American Indian Artists (AMERINDA), Inc. is pleased to announce the opening of How to Catch Eel and Grow Corn, a group exhibition of five Native American women artists representing two generations living and working in New York City, organized by Stephen Hepworth, Independent Curator.
Artists in the exhibition are: Nadema Agard, Pena Bonita, Maria Hupfield, Athena LaTocha, and Melissa Staiger.
Consciously referencing a historic act of generosity, this exhibition of five Native American women artists resident in New York is the result of an invitation to a British contemporary art curator, Stephen Hepworth, by AMERINDA to venture into new and alien territory. Positioned as an explorer, he encountered an openness in the sharing of knowledge, expertise and experience reflected through the range of work included in the exhibition.
Each of the five artists identifies to a different degree with their distinct tribal ancestry, further defined by social, cultural and geographic difference - collectively though they remain identified as Native American. While New York is now their home, the experience of being other, perhaps inevitably in a city of others (a place that is historically and geographically part of their larger home) sustains and informs their practice, especially in one that functions as a dynamic global center for contemporary art.

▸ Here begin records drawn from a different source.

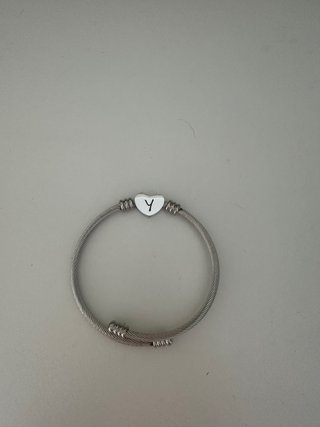 Pulsera Acero Corazón Inicial Y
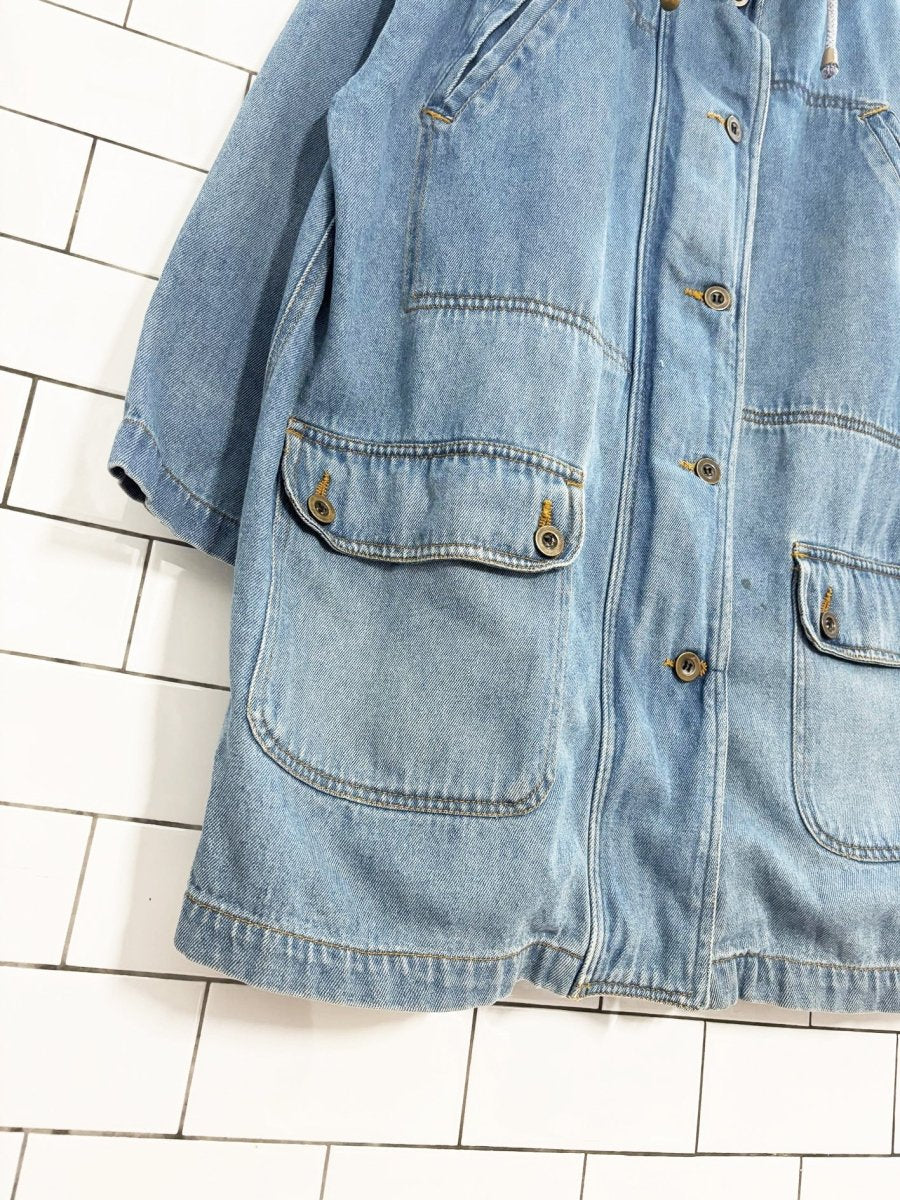 vintage 90s forenza denim hooded parka - good market thrift store
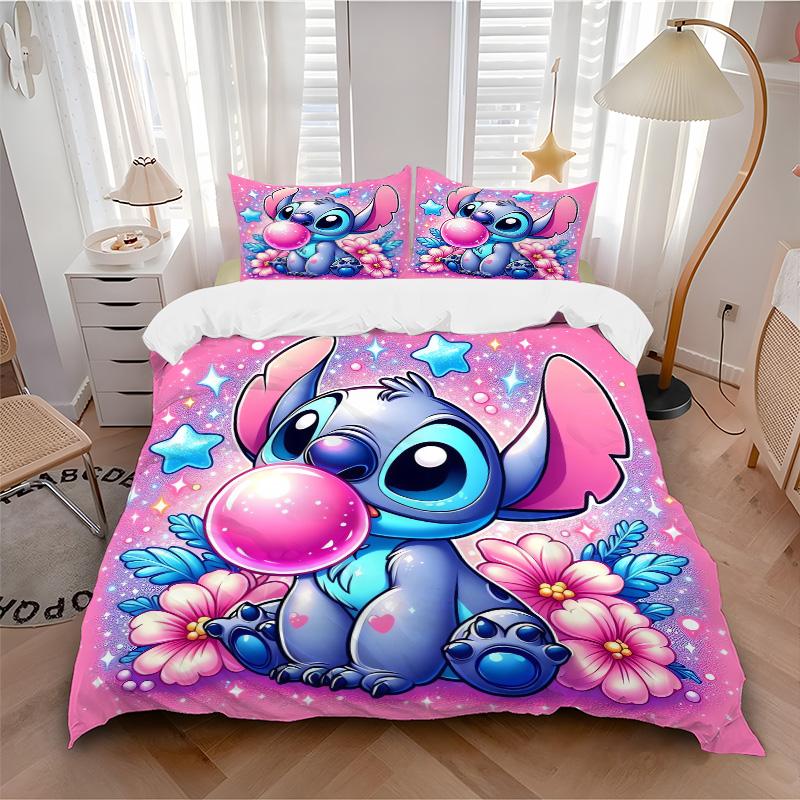 Stitch Bubble Fantasy Flowers Print 3Pcs Bedding Setduvet Cover With 2 Bedropillowcase Home Birthday Gift
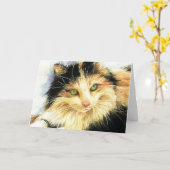 0010 Calico Cat Geburtstagskarte Karte (Gelbe Blume)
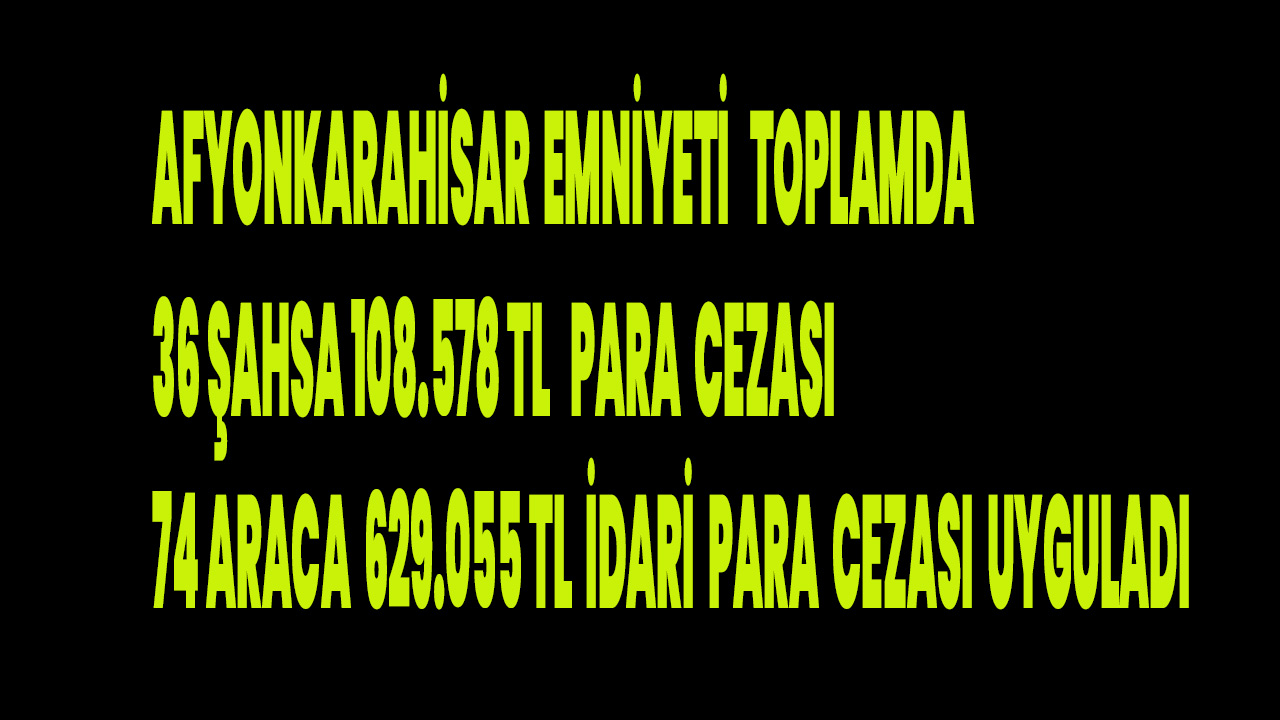 Afyon Emniyeti çalışmalarını aralıksız sürdürüyor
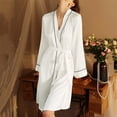 thumbnail image 4 of Gifts for Mom Cotton Robes for Women Fluffy Women's Nightgowns & Sleepshirts Oversize Length Women's Sleepwear House Womens Robe White, 4 of 9
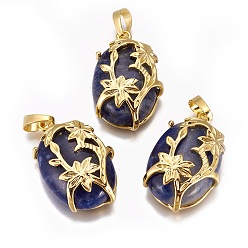 Содалитовое Природные подвески содалитом, с фурнитурой латунной золотого тона, овальные с цветком, 32x20x9 мм, отверстие : 5x8 мм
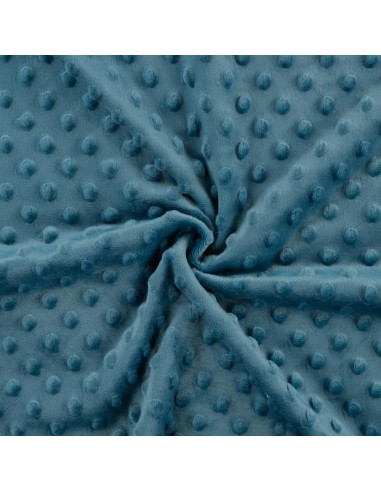 Tissu, Polaire Minky Pois Reliefs, Bleu Pétrole, Laize 150 cm, 100% Polyester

Through this contemporary framework the exhibition embraces the work of these artists who in turn: deploy traditional symbolism to ensure the passing forward of a continuing heritage; evoke memories of rugged landscape through material invention; question the possibility of the spiritual within a modernist tradition; echo the procedures of exchange as a performative act; and by the introduction of an adorned and embellished tree stump into a community garden creates a place to wonder and question.
How to Catch Eel and Grow Corn will be accompanied by a series of conversations between each of the individual artists and an invited guest that will similarly give space for the exchange of information: allowing for the revisiting of previous encounters, the re-evaluation of historical contexts and new perspectives to be proposed.
AMERINDA is the only independent, multi-arts organization of its kind in the United States serving emerging and established Native American artists. Since its inception in 1987, AMERINDA has been offering a community of encouragement and assistance to Native American artists pursuing professional careers. AMERINDA actively promotes the indigenous perspective in the arts to a broad audience through the creation of new work in contemporary art forms: visual, literary, performing and media.